2014 Badakhshan mudslides
- Location of Badakhshan Province in Afghanistan
- Date: 2 May 2014 (UTC+04:30)
- Location: Argo District, Badakhshan Province, Afghanistan; 37°00′57″N 70°21′50″E﻿ / ﻿37.01583°N 70.36389°E;
- Deaths: 350 (UN mission in Afghanistan) 2,100 (Governor of Badakhshan, Shah Waliullah Adeeb) 2,700 (International Organization for Migration)

= 2014 Badakhshan mudslides =

Mudslides in Afghanistan

On 2 May 2014, a pair of mudslides occurred in Argo District, Badakhshan Province, Afghanistan. The death toll is uncertain, the number of deaths is believed to be at least 350 and no more than 2,700. Around 300 houses were buried and over 14,000 were affected. Rescuers responding to the initial mudslide were struck by a second mudslide, which further hampered rescue efforts.

==Mudslide==
On 2 May, there were two mudslides in the Argo District of Badakhshan Province, Afghanistan, occurring on the side of a mountain; affecting the village of Aab Barik/Hobo Barik. The initial mudslide struck between 11:00 and 13:00. It occurred on a Friday, a day of worship in Afghanistan when many families would have been at home rather than work. Fellow villagers tried to rescue those stuck after the primary mudslide, but a second mudslide occurred which trapped or killed a "large proportion" of potential rescuers. The consecutive slides "levelled" the village, and left the area under 10 to 30 m of mud. A week before the mudslides, there had been torrential rain and flooding in northern Afghanistan. There was a risk of further mudslides.

==Casualties==
The mudslides affected 1000 houses and buried 300, about one-third of all the houses in the village, under "thousands of tons of soil and rocks", which formed "a wave of mud that destroyed everything in its path".

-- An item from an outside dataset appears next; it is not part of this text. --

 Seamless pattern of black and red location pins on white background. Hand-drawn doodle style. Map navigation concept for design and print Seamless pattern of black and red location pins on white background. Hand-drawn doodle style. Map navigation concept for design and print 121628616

Initial reports said 350 people were killed and 2,500 were missing. After the scope of the disaster became clear, the death toll was increased to an estimated 2,100 the next day by Badakhshan government officials. However, Gul Mohammad Bedar, the deputy provincial governor of Badakhshan, later said: "The first figure that we announced was obtained from local people, not from our technical team. We think the death toll will not rise beyond 500." The UN said that 350 were confirmed dead and it was unlikely to find more bodies due to the "catastrophic nature" of the mudslide.

==Rescue efforts==
A company of Afghan military soldiers was sent to the region to assist rescuers, and the American-led coalition in Afghanistan said they were "ready to support if requested". Another nearby village was evacuated after fears of further mudslides. Rescue workers lacked some necessary equipment, hampering their work. The fear of a third landslide also hampered the rescue team operation. Rescue operations were discontinued May 4 with officials citing safety concerns, and the lack of equipment, but were resumed after relatives complained about the government's decision to halt the operation.

== Reactions ==
The governor of Badakhshan Province said that the mudslides were "massive and it's beyond human ability to take all the dead bodies out [...] This is a disaster and a tragedy". He further stated that clearing out the bodies would be impossible so the site should be left as a mass grave. He also appealed for more shovels to dig people out.

Afghan President Hamid Karzai stated that he is "deeply saddened by the loss of lives and financial damage". U.S. President Barack Obama said: "Our thoughts are with the people of Afghanistan who are facing a terrible tragedy [...] We stand ready to help our Afghan partners to face this disaster".

A memorial ceremony took place on 3 May 2014.